African lake provides new clues about ancient marine life

Members of the University of British Columbia (UBC) and researcher Marc Llirós from the UAB Department of Genetics and Microbiology travelled to Lake Kivu in the Democratic Republic of Congo, because of its similar chemistry to the oceans of the Proterozoic eon, some 2.3 to 0.5 billion years ago. The deep waters of part of the lake have no oxygen and are one of the few places on Earth where dissolved iron is present at high concentrations.

“This is the first time that we have observed microbes recycling nitrogen by reacting it with iron in such a body of water,” said Céline Michiels, lead author of the study and PhD student at UBC. “While these reactions have been observed in the lab, their activity in Lake Kivu gives us confidence that they can play an important role in natural ecosystems and allows us to build math models that can describe these reactions in oceans of the past.”

Michiels and her colleagues found that when microorganisms from Lake Kivu react iron with nitrogen in the form of nitrate, some of this nitrogen is converted to gas, which is lost to the atmosphere, but the rest of the nitrogen is recycled from nitrate to ammonium, which remains dissolved and available for diverse microorganisms to use as a nutrient.

The research, published in Nature Geoscience, used math models informed by data collected from lake Kivu to learn more about how this recycling could have affected life in the oceans during the Proterozoic eon. They learned that biological activity was not limited by the availability of nitrogen, as previously thought, but rather was likely limited by another key nutrient, phosphorous. Nutrient availability would have played an important role in shaping the nature and activity of life in the oceans at this time, thus setting the stage for the evolution of multicellular life and Eukaryotes.
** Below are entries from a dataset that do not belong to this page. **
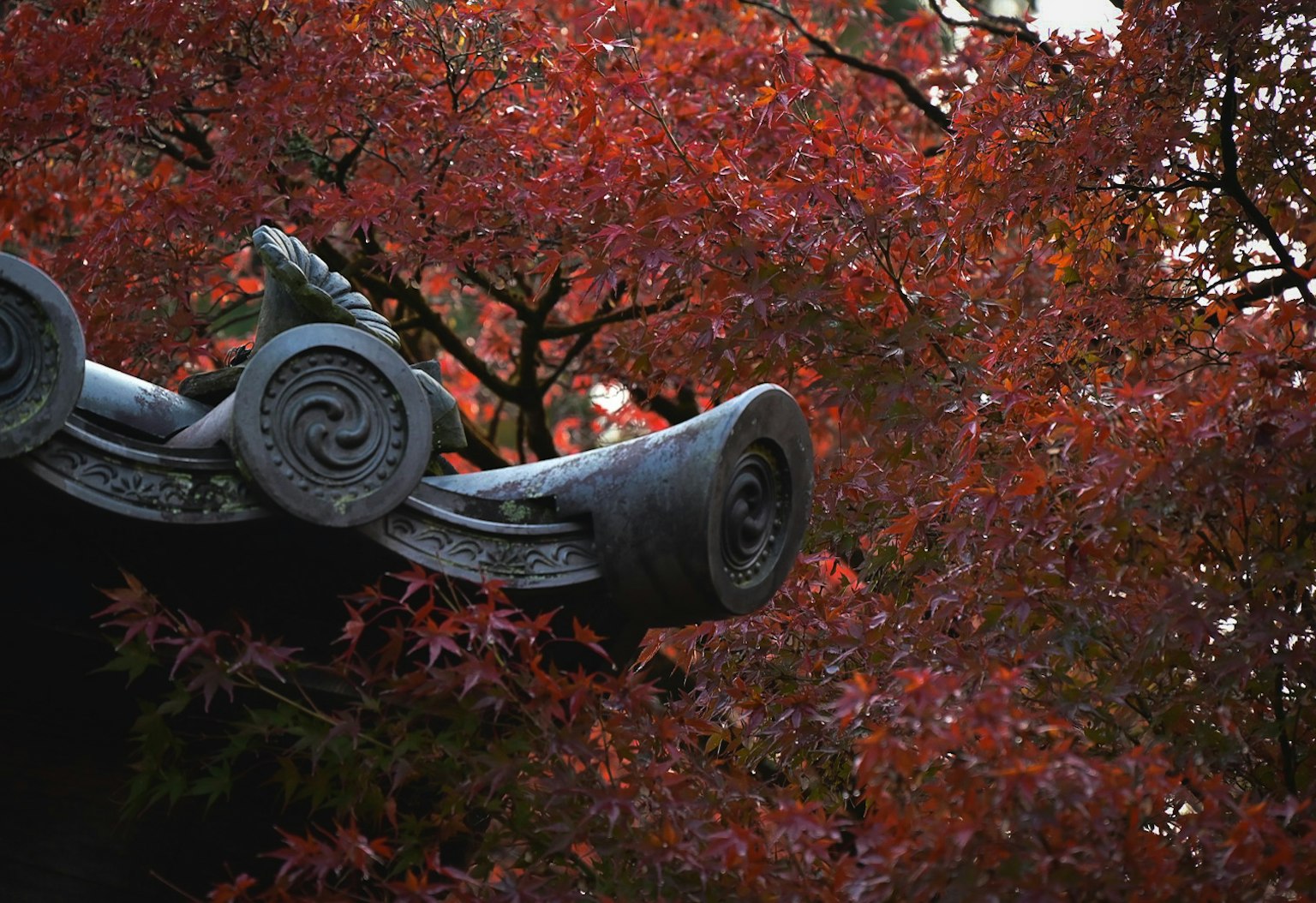 传统屋顶设计与红叶背景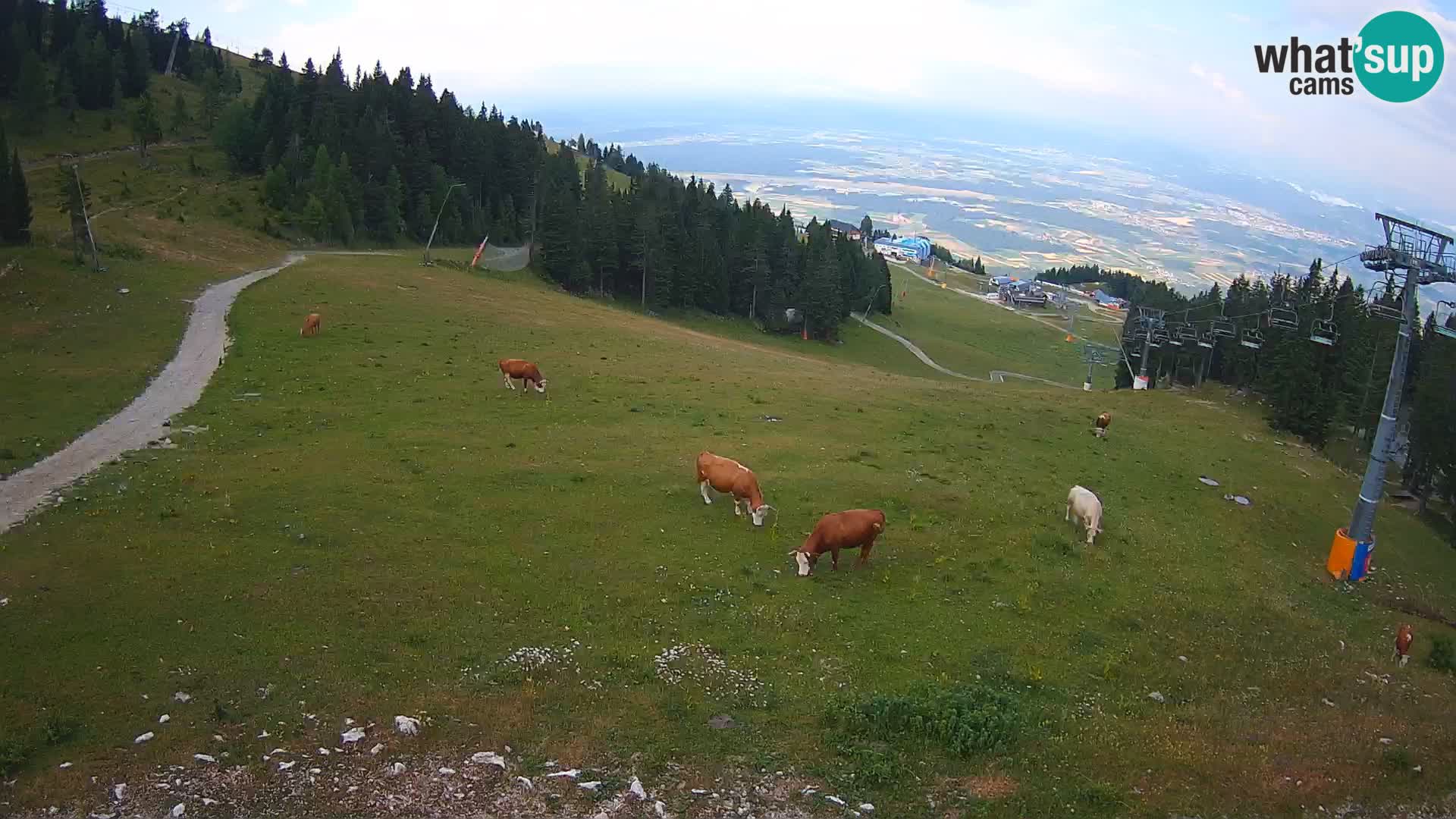 Krvavec webcam livestreaming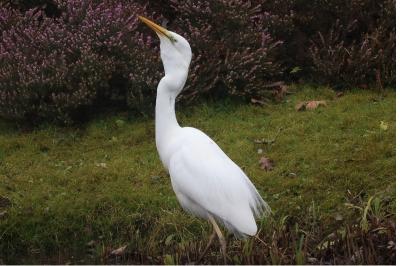 Grande Aigrette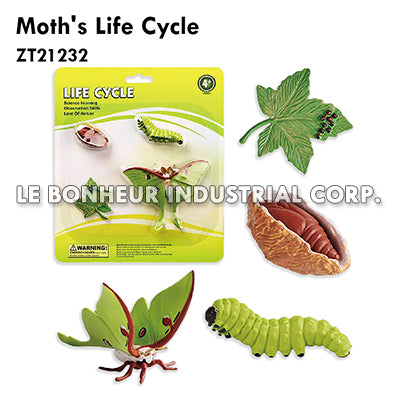 Moth's Life Cycle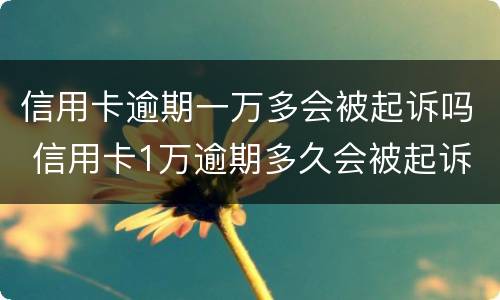 信用卡逾期一万多会被起诉吗 信用卡1万逾期多久会被起诉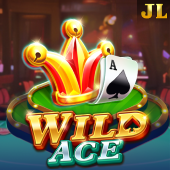 Wild Ace slot game at BigBunny Casino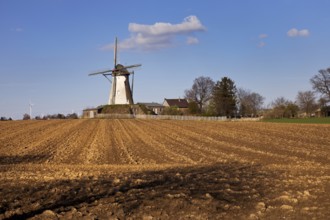 Historic Grottenherten tower windmill, Bedburg, Rhine-Erft district, Lower Rhine, North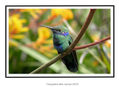 de la serie colibris
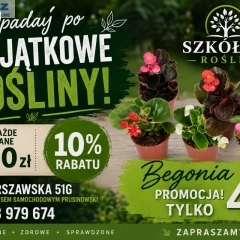 Szkółka drzew i krzewów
“Lake Kivu, with its physical chemistry, its organisms and their metabolism are a window to the Earth's past, an exceptional living fossil providing evidences of the Earth's history and allowing the design of mathematical models to build the chemistry and the biology from nearly two billions of years”, says Marc Llirós.

“With these models and fossil registries, we are learning more and more about how evolving life in the ancient oceans shaped Earth’s surface chemistry over long stretches of early history”, concluded Sean Crowe, senior author of the study.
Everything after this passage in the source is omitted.